> **Work instruction**
Please copy every record below exactly, leaving out the pictures.

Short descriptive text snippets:

------------------------------

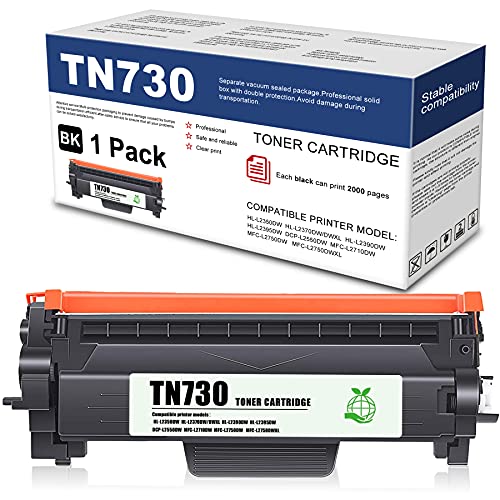 Thy TN730 TN-730 Compatible Toner Cartridge Black Replacement for Brother MFC-L2750DW MFC-L2710DW DCP-L2550DW HL-L2395DW HL-L2390DW MFC-L2750DWXL Printer (1 Pack)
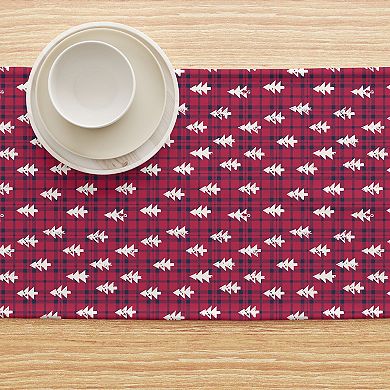 Table Runner, 100% Polyester, 12x72", Holiday Woodland Plaid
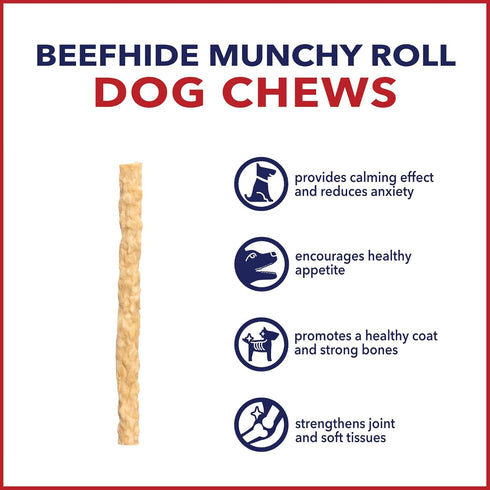 Pet Factory American Beefhide 5" Munch Mini Rolls Dog Chew Treats, Natural Flavor, 40 Count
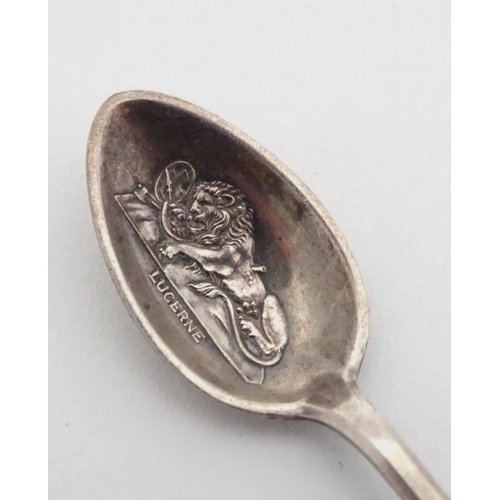 303 - 3 silver plated advertising spoons for Bucherer Watches, each having the lion of Lucerne on the bowl... 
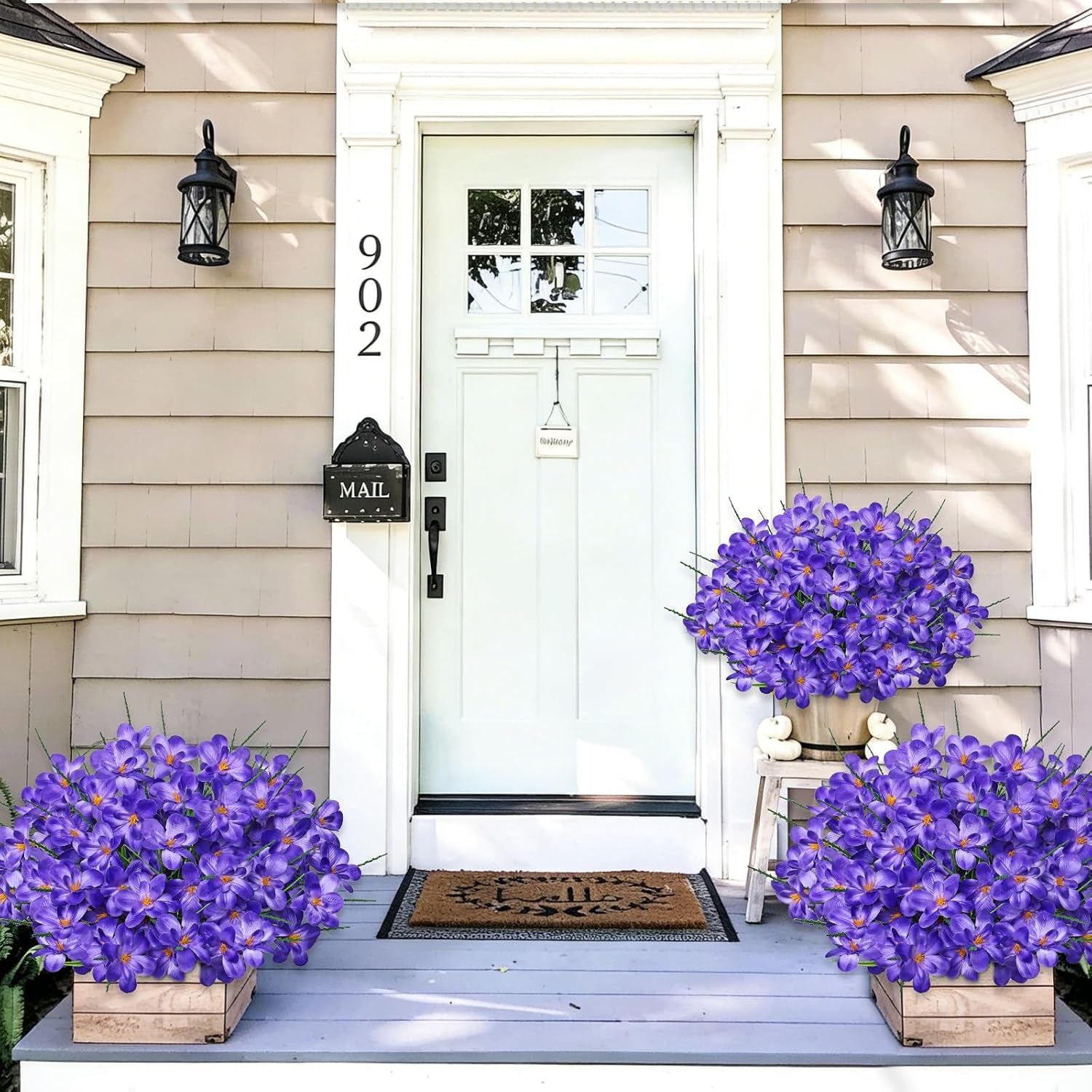 Artificial Flowers for Outdoors 6 Bundles Fake Plastic Flowers UV Resistant Silk Freesia Purple Flowers Artificial Plants & Flowers for Vase Planters Garden Home Wedding Front Door Decor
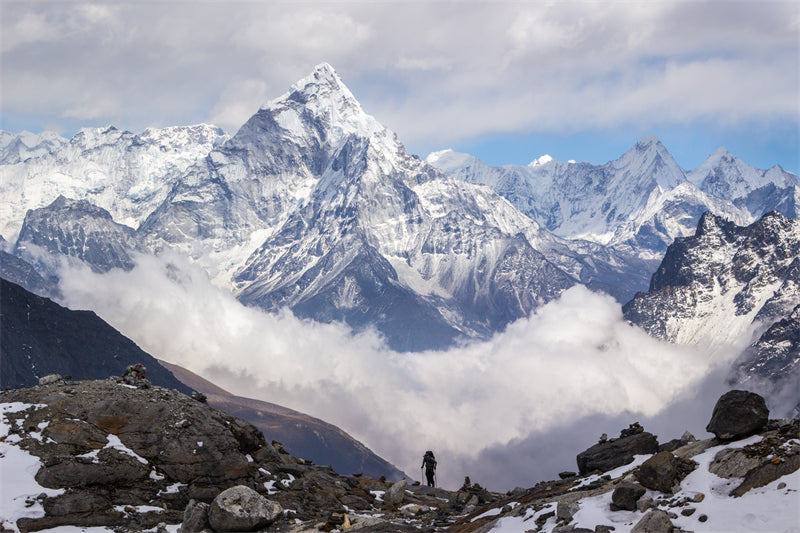 Mountain Himalaya ama dablam landscape view - sky mountain cloud Snowy peak region- Png/PSD/JPG/ Free Download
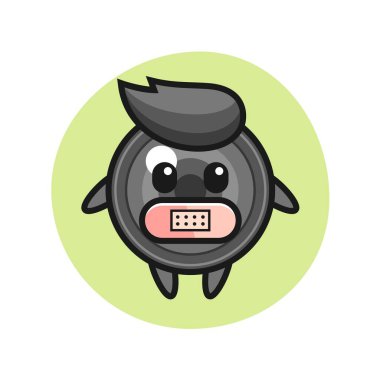 Ağzı bantlı kamera merceğinin karikatür çizimi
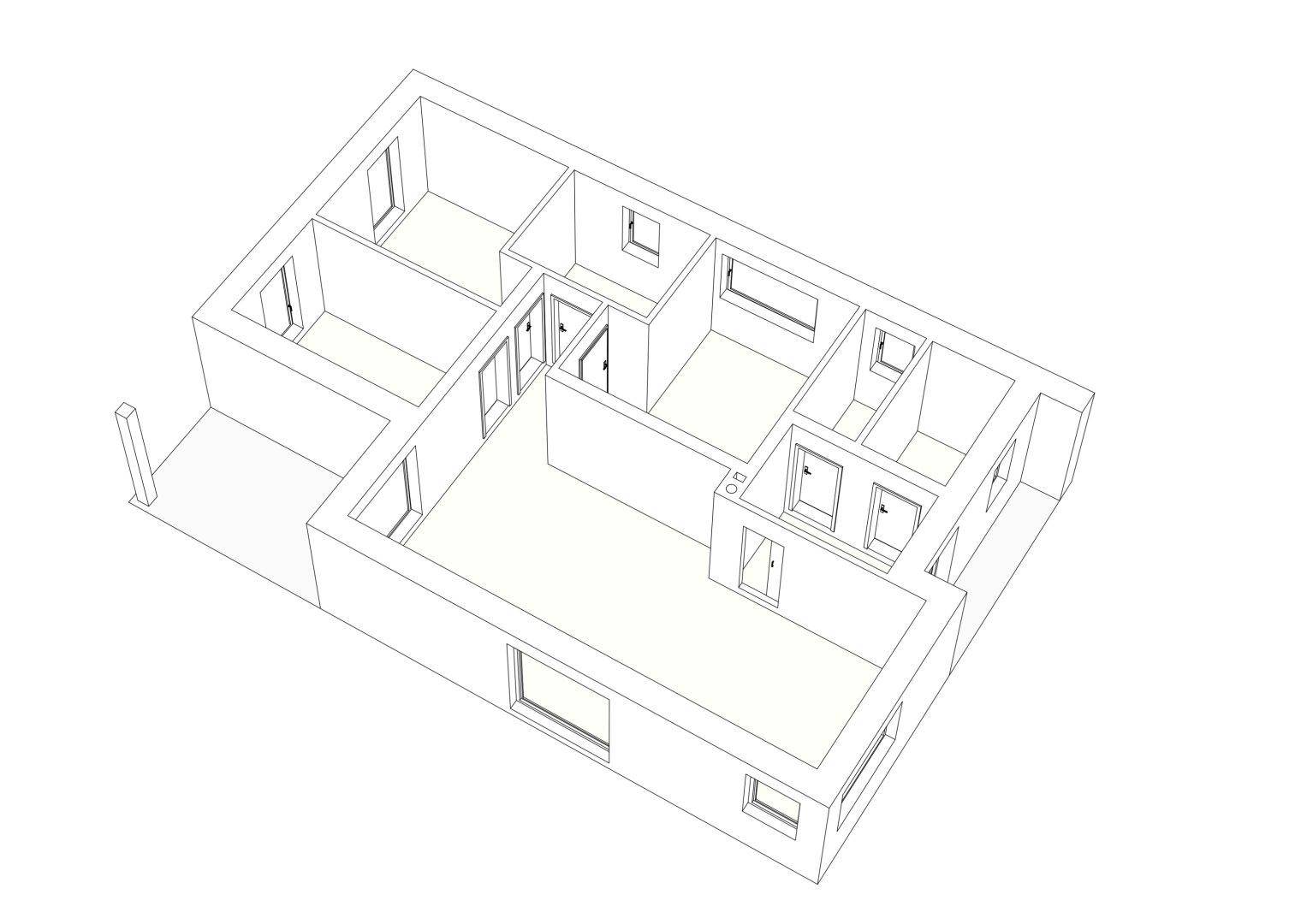 Dreidimensionale Darstellung des Grundrisses mit Raumaufteilung und Fensterpositionen.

------------------------------

> **Answer area**
 Thy TN730 TN-730 Compatible Toner Cartridge Black Replacement for Brother MFC-L2750DW MFC-L2710DW DCP-L2550DW HL-L2395DW HL-L2390DW MFC-L2750DWXL Printer (1 Pack)
 Table Runner, 100% Polyester, 12x72", Holiday Woodland Plaid
 Pet Factory American Beefhide 5" Munch Mini Rolls Dog Chew Treats, Natural Flavor, 40 Count
 303 - 3 silver plated advertising spoons for Bucherer Watches, each having the lion of Lucerne on the bowl... 
 Artificial Flowers for Outdoors 6 Bundles Fake Plastic Flowers UV Resistant Silk Freesia Purple Flowers Artificial Plants & Flowers for Vase Planters Garden Home Wedding Front Door Decor
 Mountain Himalaya ama dablam landscape view - sky mountain cloud Snowy peak region- Png/PSD/JPG/ Free Download
 Ağzı bantlı kamera merceğinin karikatür çizimi
 Dreidimensionale Darstellung des Grundrisses mit Raumaufteilung und Fensterpositionen.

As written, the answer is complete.